Background information
- Born: May 2, 1915 New York City, New York, U.S.
- Died: January 15, 2003 (aged 87) Los Angeles, California, U.S.
- Genres: Songwriter, singer
- Years active: Late 1930s–1949

= Doris Fisher (songwriter) =

American singer and songwriter (1915–2003)

Doris Fisher (May 2, 1915 – January 15, 2003) was an American singer and songwriter, collaborating both as lyricist and composer. She co-wrote many popular songs in the 1940s, including "Whispering Grass", "You Always Hurt the One You Love", "Into Each Life Some Rain Must Fall", "That Ole Devil Called Love", and "Put the Blame on Mame." Her songs were recorded by the Ink Spots, Louis Prima, Billie Holiday, Bing Crosby, the Andrews Sisters, Pearl Bailey, the Mills Brothers and Ella Fitzgerald amongst others.

==Early life==
Fisher was born in New York, the daughter of noted songwriter Fred Fisher. Her brothers Dan Fisher ("Good Morning Heartache") and Marvin Fisher ("When Sunny Gets Blue") also became songwriters.

==Career==
In the late 1930s, she sang regularly on radio station WOR with Eddy Duchin's band. She also performed with other big bands including Count Basie, and led the vocal group Penny Wise and Her Wise Guys who recorded for the Vocalion label in 1938. Her first hit composition came the same year, co-writing the novelty song "Tutti Frutti" with its performer, Slim Gaillard. Following its success, she began writing songs for Mike Todd's Star and Garter revue on Broadway.
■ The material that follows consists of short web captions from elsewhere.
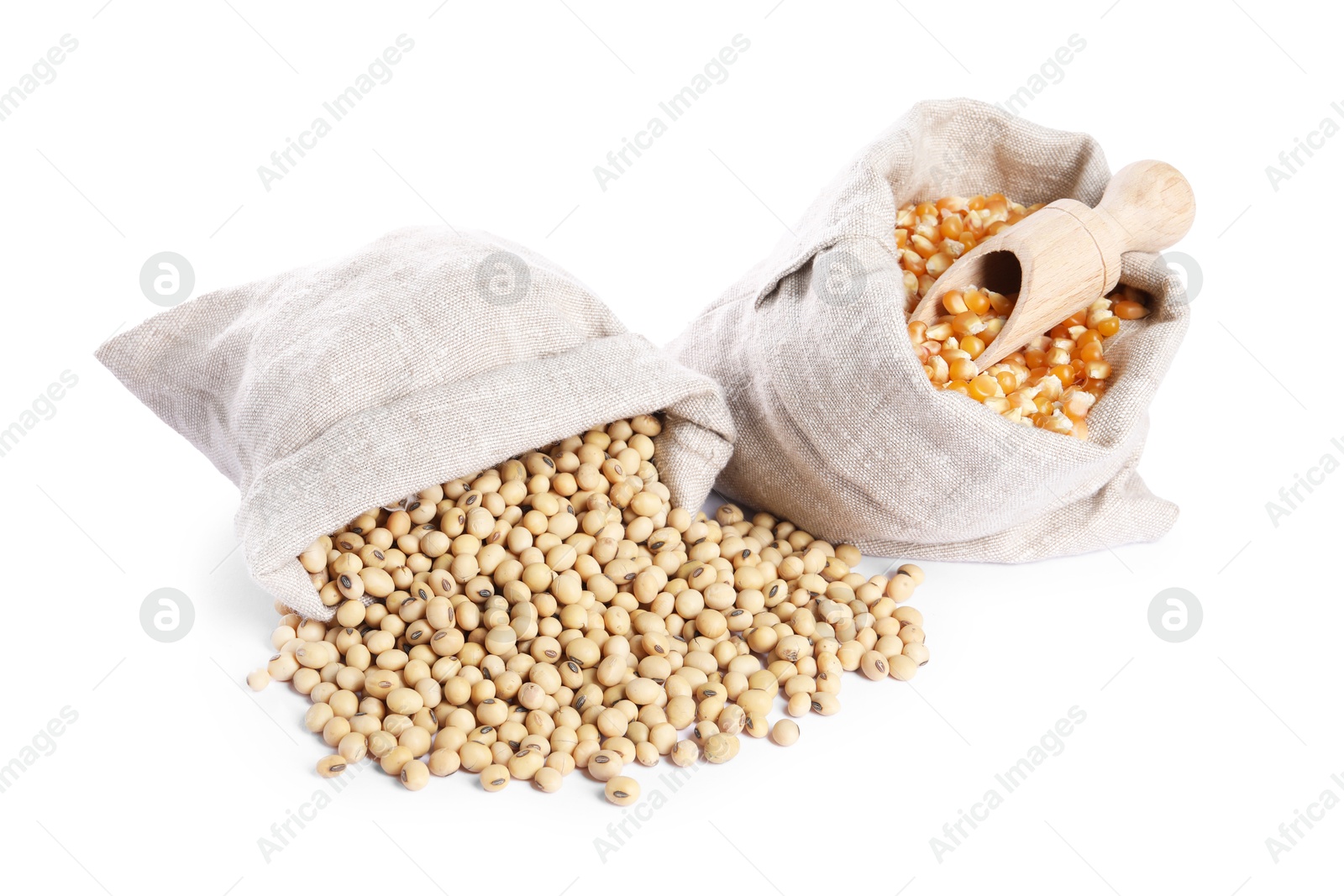 Photo of Burlap sacks with soy beans and corn kernels isolated on white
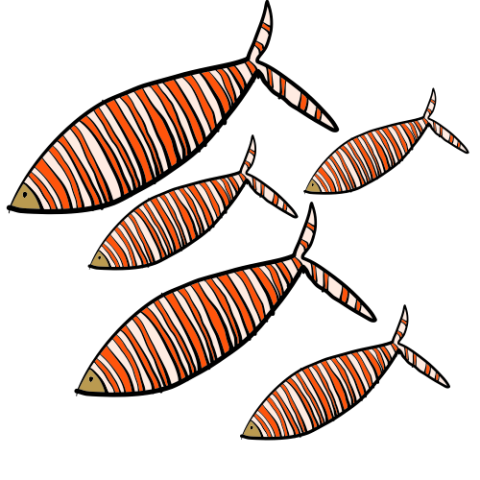Striped Fish
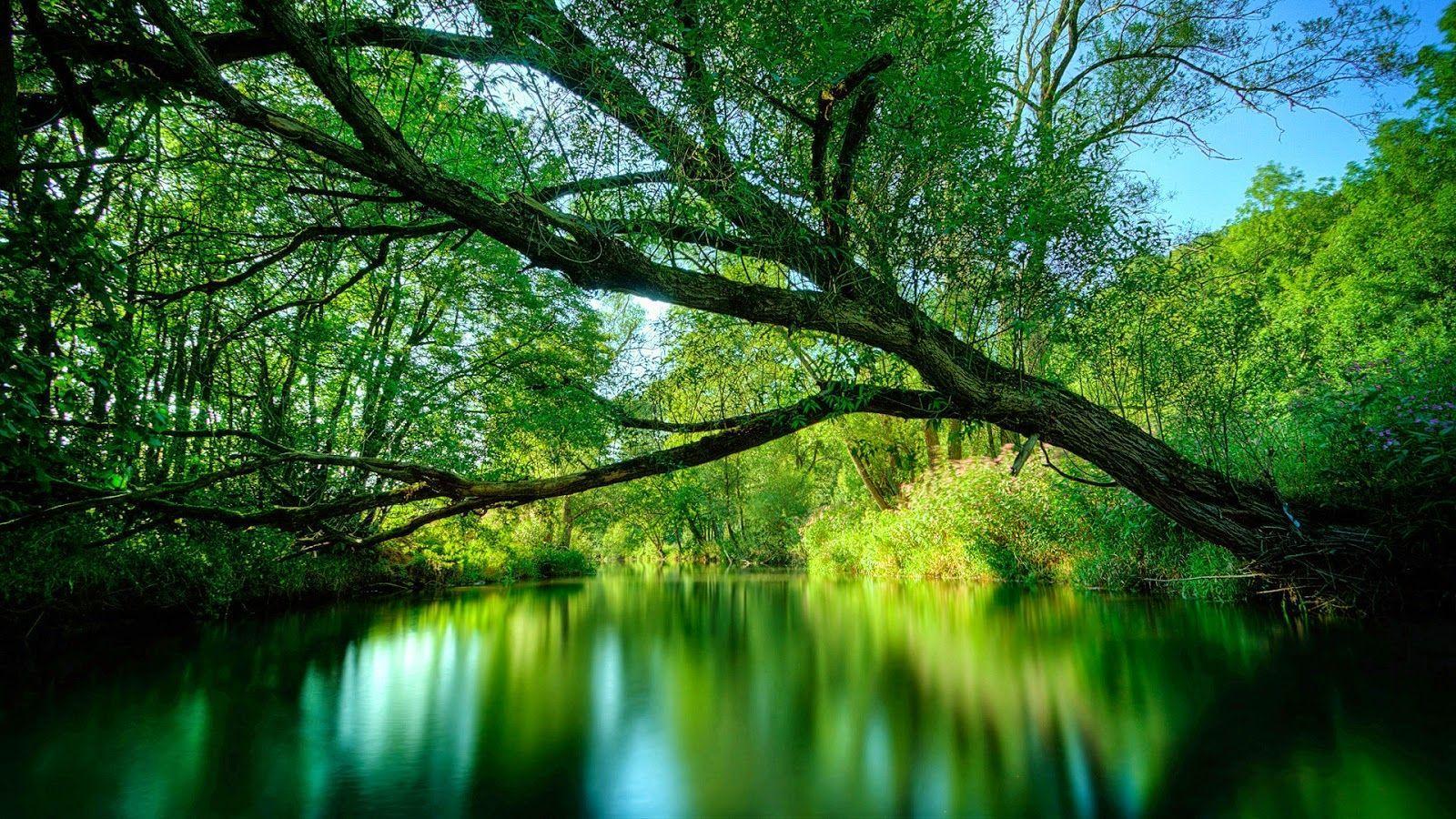 1600x900 Kerala Nature Desktop Wallpaper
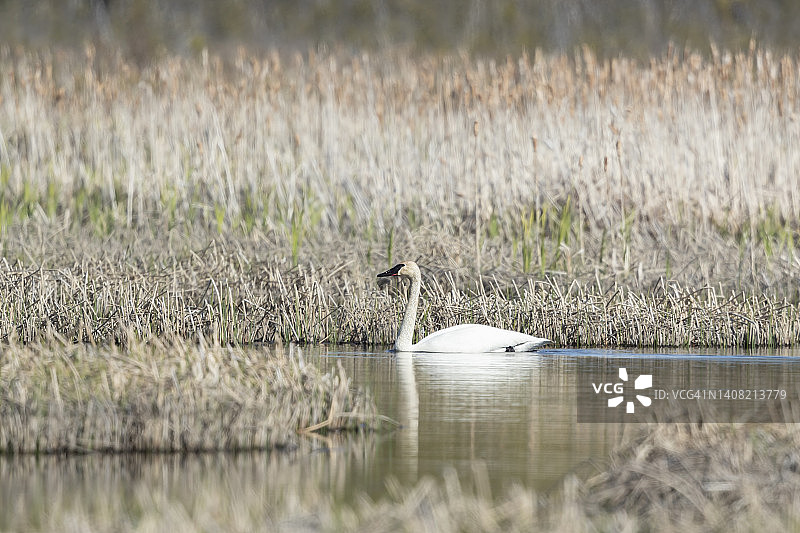 喇叭天鹅图片素材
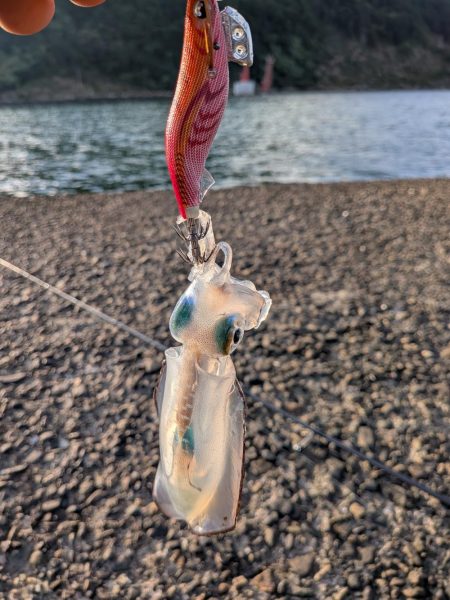 先週に引き続き新子狙い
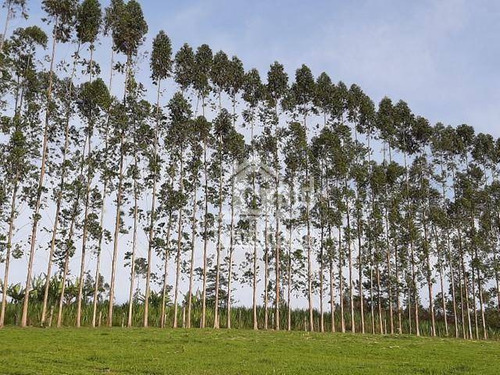 Sitio Com 6,5 Alqueires Na Região De Tatui-sp Com 3 Tanques Para Criação De Peixe, Criação De Galinha Caipira, Excelente Pasto Com 30 Cabeças De Gado - Si0069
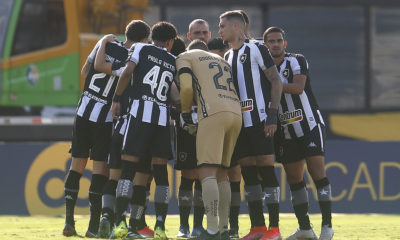 Elenco do Botafogo reunido no gramado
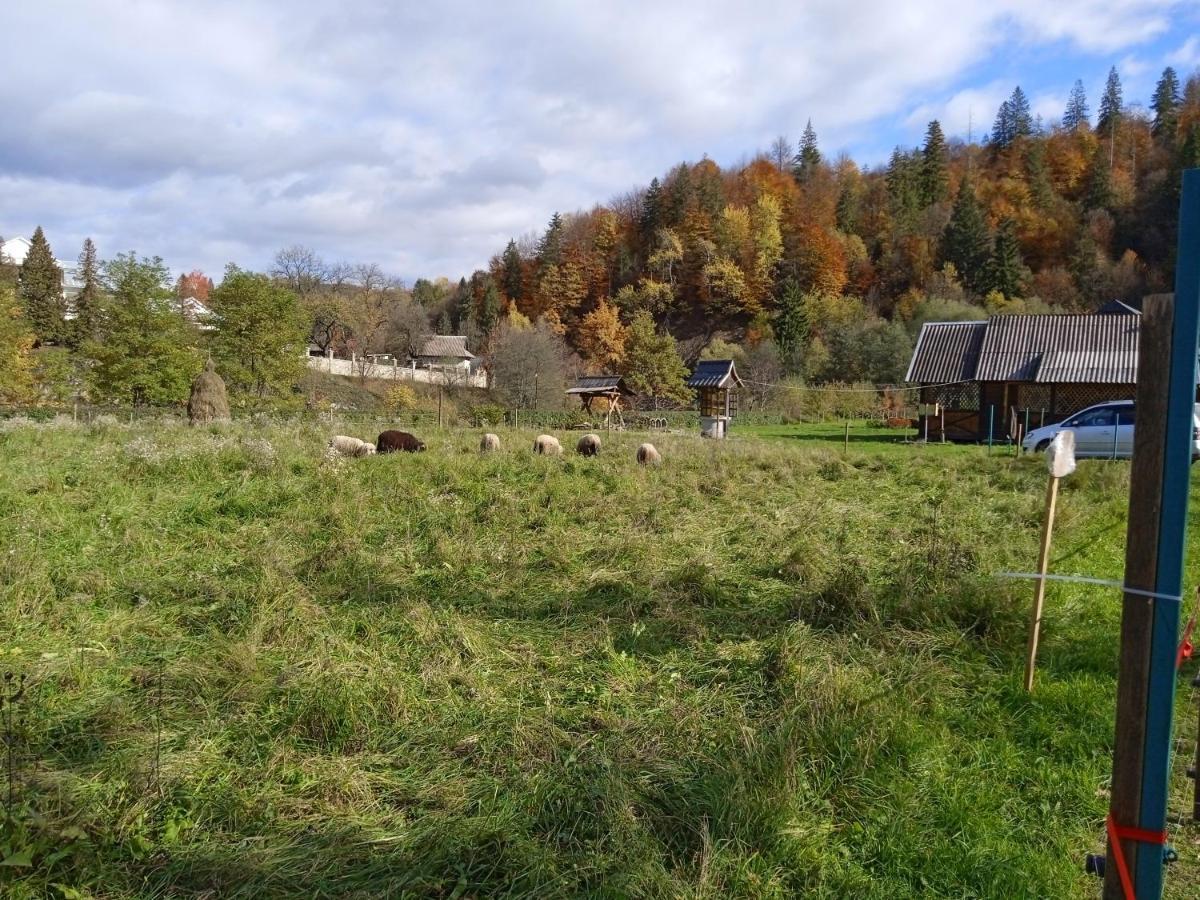 Holiday home федорчуків за рікою1 *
In 1940, she co-wrote with her father the song, "Whispering Grass" for The Ink Spots. Her most successful songwriting period came after she met lyricist Allan Roberts in 1944, in her father's office at the Brill Building. Within a year of starting to work together, they co-wrote "You Always Hurt the One You Love", a no.1 hit that year for the Mills Brothers and in 2017 the Mills Brothers version was inducted into The Grammy Hall of Fame; "Good, Good, Good (That's You, That's You)", recorded by Bing Crosby and the Andrews Sisters; "Into Each Life Some Rain Must Fall", another no. 1 hit for the Ink Spots with Ella Fitzgerald; "That Ole Devil Called Love" recorded by Billie Holiday; "Angelina (The Waitress at the Pizzeria)", a hit for Louis Prima; "Tampico", a hit by Stan Kenton; and "Invitation to the Blues", which she co-wrote with Roberts and Arthur Gershwin, the younger brother of George and Ira Gershwin and which was first recorded by Ella Mae Morse.

In 1945, she and Roberts were signed by Harry Cohn of Columbia Pictures in Hollywood to a seven-year contract to supply songs for films. They had immediate success with the songs "Amado Mio" and "Put the Blame on Mame", written for Gilda starring Rita Hayworth, and in all contributed to about twenty films for the company, including Dead Reckoning and The Lady from Shanghai. Fisher's other hit compositions included "That's Good Enough for Me" and "Tired", recorded by Pearl Bailey; "Let's Stay Young Forever", and "It's So Easy". In a 1947 interview, Fisher said that "Allan is the tear-jerker of the team, and I specialize in light stuff." Fisher's "lighthearted, sentimental" compositions were so popular that at the time she was known as the "Queen of the Juke Box."

== Personal life and death ==
She married real estate developer Charles Gershenson, from Detroit, Michigan in 1947 and left the music business soon afterwards, moving to Detroit, Michigan to raise their two children, Frederika and Ned Gershenson. She became a collector of antique American furniture, and an advisor on interior design. In the early 1960s she advised President John F. Kennedy and his wife Jacqueline on interior design for the White House. Fisher and Gershenson divorced in the 1960s, and she returned to Los Angeles, California, where she set up a retail business, Cookstores, selling kitchen and dining room items.

Fisher died at Century City Hospital in Los Angeles in January 2003, aged 87. Her friend, the pianist and singer Michael Feinstein, praised her tenacity and talent in what at the time was a man's world.